23 Then he summoned two of the centurions and said, "Get ready to leave by nine o'clock tonight for Caesarea with two hundred soldiers, seventy horsemen, and two hundred spearmen. 24 Also provide mounts for Paul to ride, and take him safely to Felix the governor." 25 He wrote a letter to this effect:

26 "Claudius Lysias to his Excellency the governor Felix, greetings. 27 This man was seized by the Jews and was about to be killed by them, but when I had learned that he was a Roman citizen, I came with the guard and rescued him. 28 Since I wanted to know the charge for which they accused him, I had him brought to their council. 29 I found that he was accused concerning questions of their law, but was charged with nothing deserving death or imprisonment. 30 When I was informed that there would be a plot against the man, I sent him to you at once, ordering his accusers also to state before you what they have against him."

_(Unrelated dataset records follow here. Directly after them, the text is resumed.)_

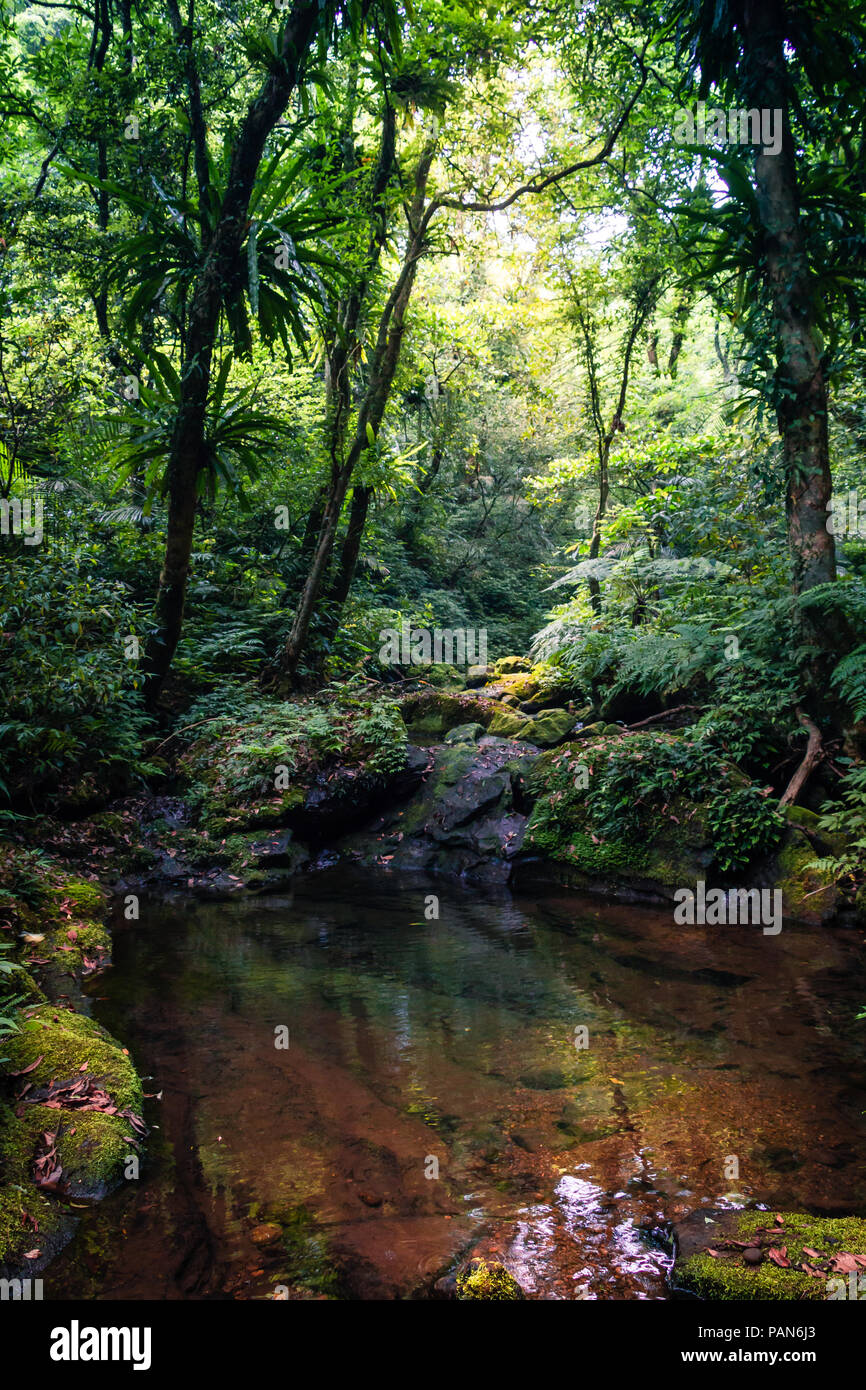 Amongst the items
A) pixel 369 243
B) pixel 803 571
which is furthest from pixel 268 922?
pixel 369 243

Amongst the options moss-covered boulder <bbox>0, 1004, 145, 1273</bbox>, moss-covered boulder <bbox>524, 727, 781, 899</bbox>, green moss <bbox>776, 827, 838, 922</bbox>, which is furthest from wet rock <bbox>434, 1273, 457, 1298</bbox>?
moss-covered boulder <bbox>524, 727, 781, 899</bbox>

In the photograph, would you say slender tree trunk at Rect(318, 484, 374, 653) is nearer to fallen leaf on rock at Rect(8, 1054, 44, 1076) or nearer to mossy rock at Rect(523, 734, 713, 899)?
mossy rock at Rect(523, 734, 713, 899)

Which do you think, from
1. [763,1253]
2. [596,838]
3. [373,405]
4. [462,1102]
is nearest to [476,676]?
[373,405]

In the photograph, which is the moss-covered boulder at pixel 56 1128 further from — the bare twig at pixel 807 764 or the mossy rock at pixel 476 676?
the mossy rock at pixel 476 676

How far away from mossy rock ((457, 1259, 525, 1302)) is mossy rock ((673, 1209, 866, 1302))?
53cm

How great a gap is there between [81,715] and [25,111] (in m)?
10.0

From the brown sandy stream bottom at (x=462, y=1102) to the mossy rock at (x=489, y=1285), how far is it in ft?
0.40

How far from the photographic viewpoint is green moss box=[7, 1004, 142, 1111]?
3.12 meters

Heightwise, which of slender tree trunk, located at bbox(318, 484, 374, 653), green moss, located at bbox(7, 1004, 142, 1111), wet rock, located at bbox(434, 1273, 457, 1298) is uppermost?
slender tree trunk, located at bbox(318, 484, 374, 653)

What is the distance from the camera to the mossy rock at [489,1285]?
2189 millimetres

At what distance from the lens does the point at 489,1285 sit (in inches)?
86.8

31 So the soldiers, according to their instructions, took Paul and brought him during the night to Antipatris. 32 The next day they let the horsemen go on with him, while they returned to the barracks. 33 When they came to Caesarea and delivered the letter to the governor, they presented Paul also before him. 34 On reading the letter, he asked what province he belonged to, and when he learned that he was from Cilicia, 35 he said, "I will give you a hearing when your accusers arrive." Then he ordered that he be kept under guard in Herod's headquarters.

Chapter 24

Governor's Hearing, in Caesarea

1 Five days later the high priest Ananias came down with some elders and an attorney, a certain Tertullus, and they reported their case against Paul to the governor. 2 When Paul had been summoned, Tertullus began to accuse him, saying:

"Your Excellency, because of you we have long enjoyed peace, and reforms have been made for this people because of your foresight. 3 We welcome this in every way and everywhere with utmost gratitude. 4 But, to detain you no further, I beg you to hear us briefly with your customary graciousness. 5 We have, in fact, found this man a pestilent fellow, an agitator among all the Jews throughout the world, and a ringleader of the sect of the Nazarenes. 6 He even tried to profane the temple, and so we seized him. 8 By examining him yourself you will be able to learn from him concerning everything of which we accuse him."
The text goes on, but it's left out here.